[[ RECORDS SHOWN open ]]

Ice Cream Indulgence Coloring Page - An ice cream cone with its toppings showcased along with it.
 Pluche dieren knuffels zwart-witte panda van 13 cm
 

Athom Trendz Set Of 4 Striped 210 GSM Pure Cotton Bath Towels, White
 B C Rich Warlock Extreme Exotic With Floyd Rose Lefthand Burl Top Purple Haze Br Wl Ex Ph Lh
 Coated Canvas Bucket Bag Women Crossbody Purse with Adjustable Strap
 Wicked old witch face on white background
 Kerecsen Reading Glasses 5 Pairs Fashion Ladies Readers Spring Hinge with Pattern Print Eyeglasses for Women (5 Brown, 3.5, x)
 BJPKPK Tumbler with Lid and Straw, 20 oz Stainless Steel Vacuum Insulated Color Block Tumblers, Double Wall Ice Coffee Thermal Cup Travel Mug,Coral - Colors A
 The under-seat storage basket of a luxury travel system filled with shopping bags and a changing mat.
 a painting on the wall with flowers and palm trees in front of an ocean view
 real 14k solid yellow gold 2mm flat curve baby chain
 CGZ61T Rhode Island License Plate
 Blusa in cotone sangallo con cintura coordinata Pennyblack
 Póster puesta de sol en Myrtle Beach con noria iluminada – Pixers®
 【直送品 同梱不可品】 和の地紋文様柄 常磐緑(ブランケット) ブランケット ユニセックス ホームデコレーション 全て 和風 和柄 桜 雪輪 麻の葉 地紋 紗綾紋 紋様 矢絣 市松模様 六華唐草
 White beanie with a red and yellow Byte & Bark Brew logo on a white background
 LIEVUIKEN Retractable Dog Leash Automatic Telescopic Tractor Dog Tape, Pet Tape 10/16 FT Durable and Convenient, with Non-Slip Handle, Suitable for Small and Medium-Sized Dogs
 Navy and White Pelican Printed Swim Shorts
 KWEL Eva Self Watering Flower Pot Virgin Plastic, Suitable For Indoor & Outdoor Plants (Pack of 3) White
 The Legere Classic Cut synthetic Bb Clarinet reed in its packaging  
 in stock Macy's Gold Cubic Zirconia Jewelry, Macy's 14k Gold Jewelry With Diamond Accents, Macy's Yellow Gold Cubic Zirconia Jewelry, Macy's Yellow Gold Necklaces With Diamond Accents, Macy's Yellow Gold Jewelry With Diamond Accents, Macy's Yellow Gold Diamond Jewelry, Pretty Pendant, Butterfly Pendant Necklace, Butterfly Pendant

[[ RECORDS SHOWN closed ]]

- **YOUR INSTRUCTIONS**: The required result is an identical copy of the records above.

- **ANSWER TO THIS EXERCISE**:
Ice Cream Indulgence Coloring Page - An ice cream cone with its toppings showcased along with it.
 Pluche dieren knuffels zwart-witte panda van 13 cm
 

Athom Trendz Set Of 4 Striped 210 GSM Pure Cotton Bath Towels, White
 B C Rich Warlock Extreme Exotic With Floyd Rose Lefthand Burl Top Purple Haze Br Wl Ex Ph Lh
 Coated Canvas Bucket Bag Women Crossbody Purse with Adjustable Strap
 Wicked old witch face on white background
 Kerecsen Reading Glasses 5 Pairs Fashion Ladies Readers Spring Hinge with Pattern Print Eyeglasses for Women (5 Brown, 3.5, x)
 BJPKPK Tumbler with Lid and Straw, 20 oz Stainless Steel Vacuum Insulated Color Block Tumblers, Double Wall Ice Coffee Thermal Cup Travel Mug,Coral - Colors A
 The under-seat storage basket of a luxury travel system filled with shopping bags and a changing mat.
 a painting on the wall with flowers and palm trees in front of an ocean view
 real 14k solid yellow gold 2mm flat curve baby chain
 CGZ61T Rhode Island License Plate
 Blusa in cotone sangallo con cintura coordinata Pennyblack
 Póster puesta de sol en Myrtle Beach con noria iluminada – Pixers®
 【直送品 同梱不可品】 和の地紋文様柄 常磐緑(ブランケット) ブランケット ユニセックス ホームデコレーション 全て 和風 和柄 桜 雪輪 麻の葉 地紋 紗綾紋 紋様 矢絣 市松模様 六華唐草
 White beanie with a red and yellow Byte & Bark Brew logo on a white background
 LIEVUIKEN Retractable Dog Leash Automatic Telescopic Tractor Dog Tape, Pet Tape 10/16 FT Durable and Convenient, with Non-Slip Handle, Suitable for Small and Medium-Sized Dogs
 Navy and White Pelican Printed Swim Shorts
 KWEL Eva Self Watering Flower Pot Virgin Plastic, Suitable For Indoor & Outdoor Plants (Pack of 3) White
 The Legere Classic Cut synthetic Bb Clarinet reed in its packaging  
 in stock Macy's Gold Cubic Zirconia Jewelry, Macy's 14k Gold Jewelry With Diamond Accents, Macy's Yellow Gold Cubic Zirconia Jewelry, Macy's Yellow Gold Necklaces With Diamond Accents, Macy's Yellow Gold Jewelry With Diamond Accents, Macy's Yellow Gold Diamond Jewelry, Pretty Pendant, Butterfly Pendant Necklace, Butterfly Pendant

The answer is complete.